The best part of a year ago, Swedish schoolchild Greta Thunberg started protesting outside Sweden’s parliament, demanding more action on the issue of climate change. Fast forward to now, Thunberg — who follows a vegan diet — has quickly become a household name, synonymous with climate action.
She has held governments accountable, made damning speeches, and accused the grown-ups of taking away the future of the next generation.
Many grown-ups are listening; the UK has declared a climate emergency, as has Canada, France, and New York.
Some grown-ups have simply heard. Earlier this month, Mohammed Barkindo — the secretary general of the Organization of the Petroleum Exporting Countries (OPEC) — acknowledged growing public opinion surrounding climate change as a threat. He stated it was “beginning to … dictate policies and corporate decisions, including investment in the industry.”

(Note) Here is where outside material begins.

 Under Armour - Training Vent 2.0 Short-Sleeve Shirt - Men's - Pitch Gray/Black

OPEC is Falling Out of Favor
He added that OPEC officials were starting to feel the pressure from their own families. “[Their children] are asking us about their future because … they see their peers on the streets campaigning against this industry,” he stated. He went on to accuse campaigners of misleading people with unscientific arguments, reports The Guardian.
The oil industry is scared of a 16-year-old — and all the other teens and adults now motivated to care about our planet — and it should be.

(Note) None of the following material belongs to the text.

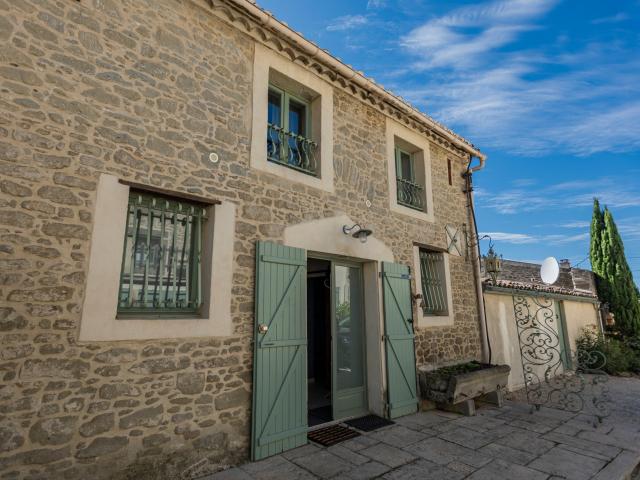 Exterieur vakantiehuis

When she heard that climate change activists had been acknowledged by OPEC, Thunberg wasn’t frustrated with his comments. She was pleased. If the secretary general of a trillion dollar intergovernmental oil organization sees you as a threat, you’re doing something right. She Tweeted in response to Barkindo’s comments, “Thank you! Our biggest compliment yet.”
Holly Gillibrand, a UK student who has protested for climate action, said to The Guardian, “brilliant! Proof that we are having an impact and be sure that we will not stop.”
OPEC wants to keep expanding, but more and more of the world is turning its back. Insurance companies are pulling investments from fossil fuel assets, notes The Guardian, and the London Stock Exchange has reclassified oil and gas companies under a non-renewable energy category “that effectively puts them on the wrong side of climate crisis,” says the newspaper.
“By this point, most people realise that the oil companies lied for decades about global warming – they are this generation’s version of the tobacco companies,” 350.org founder Bill McKibben said. “It’s clearly affecting their ability to raise capital, to recruit employees and so on. People set out to cost them their social licence, and it’s working.”
He added, “whether it’s working fast enough – that’s another question.”